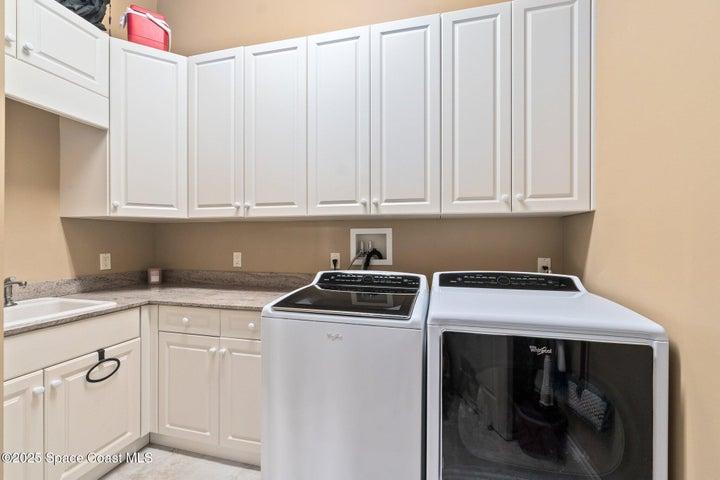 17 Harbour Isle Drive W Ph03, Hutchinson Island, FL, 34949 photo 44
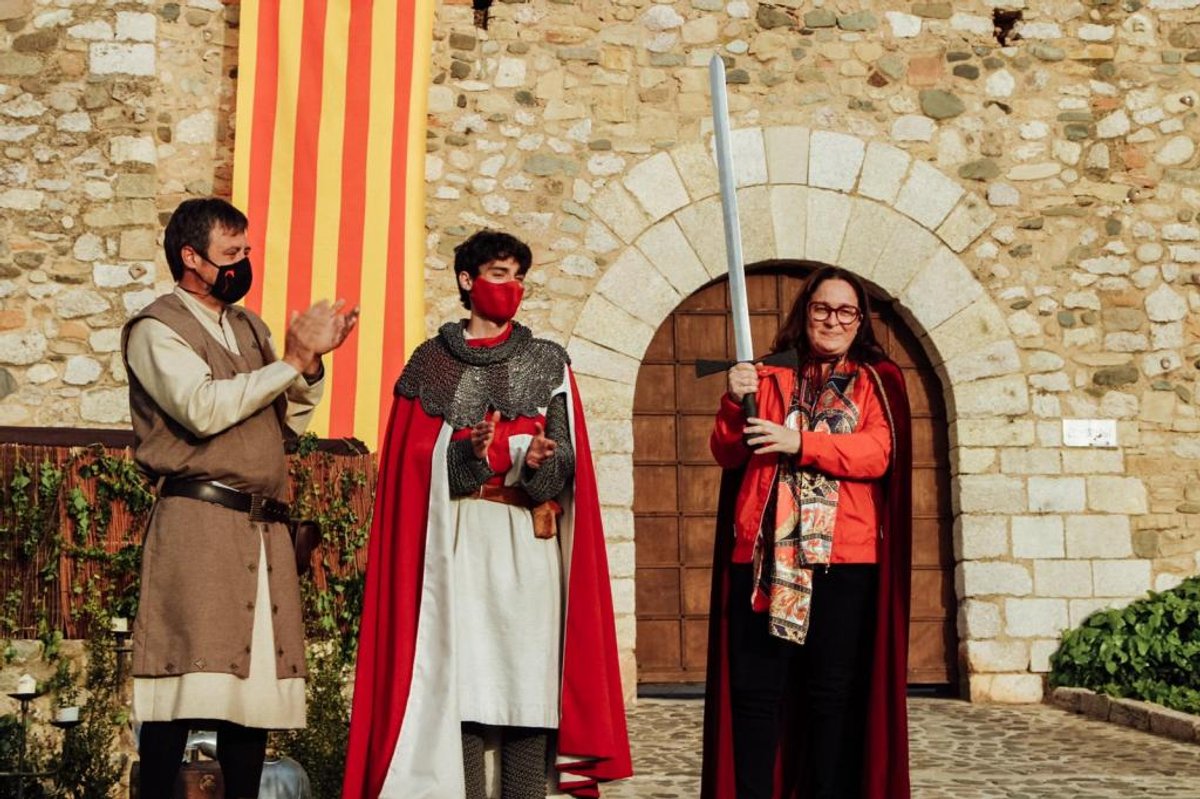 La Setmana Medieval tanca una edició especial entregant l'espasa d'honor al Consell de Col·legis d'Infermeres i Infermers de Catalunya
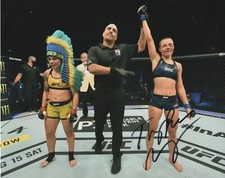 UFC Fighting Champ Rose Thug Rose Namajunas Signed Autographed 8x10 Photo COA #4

********

### [Work request]
Since the pictures are not wanted, transcribe the rest of the listing above exactly.

### [Result of the exercise]
 17 Harbour Isle Drive W Ph03, Hutchinson Island, FL, 34949 photo 44
 La Setmana Medieval tanca una edició especial entregant l'espasa d'honor al Consell de Col·legis d'Infermeres i Infermers de Catalunya
 UFC Fighting Champ Rose Thug Rose Namajunas Signed Autographed 8x10 Photo COA #4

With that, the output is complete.